Ever since I started publishing recipes, I've been gaining experience and doing surveys. Quite private surveys, based only on people I get in touch with, in person or online. With the exception of 2020, when personal contacts began to be rarer than summer holidays in solitude. New normal.
Over time, some ingredients have created a separate category and, although they go into my cooking and therefore also appear in my recipes, the reactions to them are, as they call them, mixed. Couscous is an ideal example.
I always have it at home, because it is a versatile, time-saving, light and tasty piece in any mosaic. Couscous shows perfect adaptability: it absorbs the taste of other ingredients and takes the final recipe a bit further. This is why I like to experiment with it. Couscous is pure magic!

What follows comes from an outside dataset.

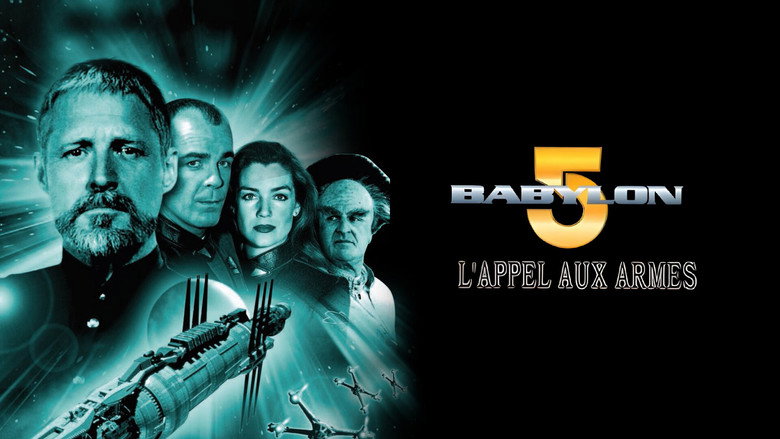 Image 5 du film Babylon 5 : L'Appel aux armes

After discussions in bookstores and below my recipes or photographs, however, the already mentioned contradiction appears. For a large part of people, couscous is the base of a diet or at least a frequent part of it, but, to many of them, it is absolutely unknown. Bulgur, couscous, turmeric, tahini are just some of the many ingredients for which I most often hear or read the question "What is it?".

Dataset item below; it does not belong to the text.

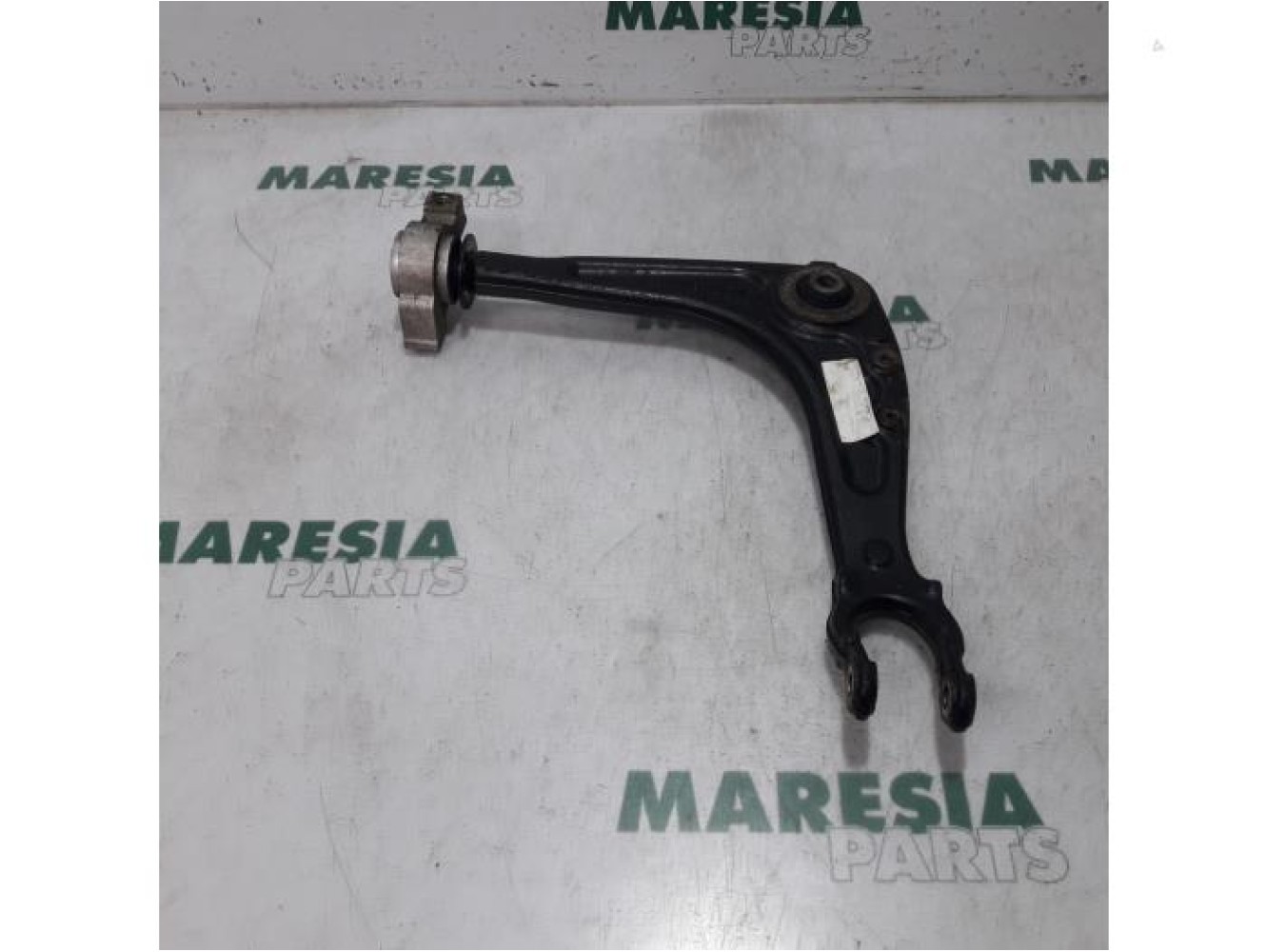 Citroen - C6 - Front lower wishbone, right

I admit that I can no longer remember when and where I first discovered and used an ingredient with which I did not grow up with, but I’ve been still using it for years. I am all the happier if someone discovers something new because they are inspired by my recipes. For others it can still be just a repetition of what they already know.
But why am I even thinking about it? On the opposite camp, from time to time, there is a trending claim that these "imported" ideas kill traditional cuisine. Our grandmothers have never heard of couscous. True. Until some decades ago, some grannies had never come across lemons, and their ancestors viewed potatoes as an "imported American" invention. And I can go on and on counting what was better but disappeared, what was not here and thank God it arrived… I'm just upset that the debate concerning food and inspirations can't work that way. Dividing ingredients or our own knowledge into new and old, only limits us.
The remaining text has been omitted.